As the Liberal Party embarks on an entirely predictable post-mortem of its election loss, there is really only one question left to ask. Will the Party have the intestinal fortitude to confront the elephant in its own room?

Instead of setting up sub-committees, review commissions and focus groups to attempt to discover the flaws in its policies and campaign strategy, the Party will completely forfeit its opportunity to re-set its future if it refuses to address the underlying — and perhaps the only — reason for its electoral loss: the grotesque failure of its executive chairman/CEO to manage the Party’s succession two years before the election.

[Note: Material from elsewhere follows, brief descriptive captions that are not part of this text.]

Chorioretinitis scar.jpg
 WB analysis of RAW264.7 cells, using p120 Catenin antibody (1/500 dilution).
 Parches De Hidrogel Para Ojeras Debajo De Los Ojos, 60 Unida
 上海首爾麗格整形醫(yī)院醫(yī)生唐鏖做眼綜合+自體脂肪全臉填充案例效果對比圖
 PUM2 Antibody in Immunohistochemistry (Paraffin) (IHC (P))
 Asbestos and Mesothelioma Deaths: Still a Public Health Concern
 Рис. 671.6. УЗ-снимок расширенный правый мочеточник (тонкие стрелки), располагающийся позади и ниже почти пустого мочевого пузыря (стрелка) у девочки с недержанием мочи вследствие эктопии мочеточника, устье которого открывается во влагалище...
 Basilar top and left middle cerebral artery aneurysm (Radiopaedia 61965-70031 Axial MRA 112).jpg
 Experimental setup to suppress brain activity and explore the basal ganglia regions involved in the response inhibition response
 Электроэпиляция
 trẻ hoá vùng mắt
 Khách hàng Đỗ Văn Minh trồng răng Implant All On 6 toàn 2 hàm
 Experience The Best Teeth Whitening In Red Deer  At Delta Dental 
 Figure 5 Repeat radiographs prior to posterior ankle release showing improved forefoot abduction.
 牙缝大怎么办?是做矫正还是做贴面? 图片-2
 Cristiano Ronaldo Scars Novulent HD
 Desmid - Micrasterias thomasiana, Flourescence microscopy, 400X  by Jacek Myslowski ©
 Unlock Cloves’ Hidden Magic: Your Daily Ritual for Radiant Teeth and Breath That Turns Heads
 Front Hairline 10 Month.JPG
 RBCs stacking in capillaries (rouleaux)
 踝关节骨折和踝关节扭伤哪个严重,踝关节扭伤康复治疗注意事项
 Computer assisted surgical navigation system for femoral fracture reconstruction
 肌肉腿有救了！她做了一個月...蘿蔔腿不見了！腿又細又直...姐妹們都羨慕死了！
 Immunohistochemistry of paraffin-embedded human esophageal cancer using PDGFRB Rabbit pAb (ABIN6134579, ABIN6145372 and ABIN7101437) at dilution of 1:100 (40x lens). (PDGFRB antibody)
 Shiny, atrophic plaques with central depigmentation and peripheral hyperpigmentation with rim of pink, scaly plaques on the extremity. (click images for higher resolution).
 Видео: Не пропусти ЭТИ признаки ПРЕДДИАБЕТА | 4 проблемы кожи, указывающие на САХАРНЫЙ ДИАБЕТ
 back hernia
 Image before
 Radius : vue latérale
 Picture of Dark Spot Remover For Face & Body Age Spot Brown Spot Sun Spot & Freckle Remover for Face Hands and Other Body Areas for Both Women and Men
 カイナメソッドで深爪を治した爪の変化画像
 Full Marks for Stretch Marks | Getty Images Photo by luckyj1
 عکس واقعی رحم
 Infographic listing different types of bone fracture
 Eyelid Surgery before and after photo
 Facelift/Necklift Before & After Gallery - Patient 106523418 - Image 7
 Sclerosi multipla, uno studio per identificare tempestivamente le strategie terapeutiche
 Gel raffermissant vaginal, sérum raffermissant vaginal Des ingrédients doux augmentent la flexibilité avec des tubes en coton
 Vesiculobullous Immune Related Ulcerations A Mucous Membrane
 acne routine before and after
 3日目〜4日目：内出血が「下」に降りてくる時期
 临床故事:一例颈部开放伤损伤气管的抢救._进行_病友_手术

This is not about Howard-bashing or culture wars. This is a fundamental structural issue about the Liberal Party’s systemic failure to ensure that a highly successful government running a hugely successful economy did what the board and CEO of any large, well-run organisation is mandated to do — manage its internal succession at the right time in a professional and seamless fashion.

The Coalition should never have lost this election. Arguably it almost certainly would not have lost if the Liberal Party had engineered a smooth leadership succession from John Howard in 2006 and then embarked on policy renewal and reinvigoration under a new leadership team for at least 18 months before the election. It was presiding over a purring economy and, despite the inevitable missteps of a decade-old government, was widely regarded as a successful administration.

By allowing its leader to effectively hijack its internal governance, for his own selfish reasons, the Liberal Party lost a federal election and has now lost its direction. By not openly addressing — and fixing — this transparent failure of process, the Party will condemn itself to a repeat performance. It should fess up and fix itself up.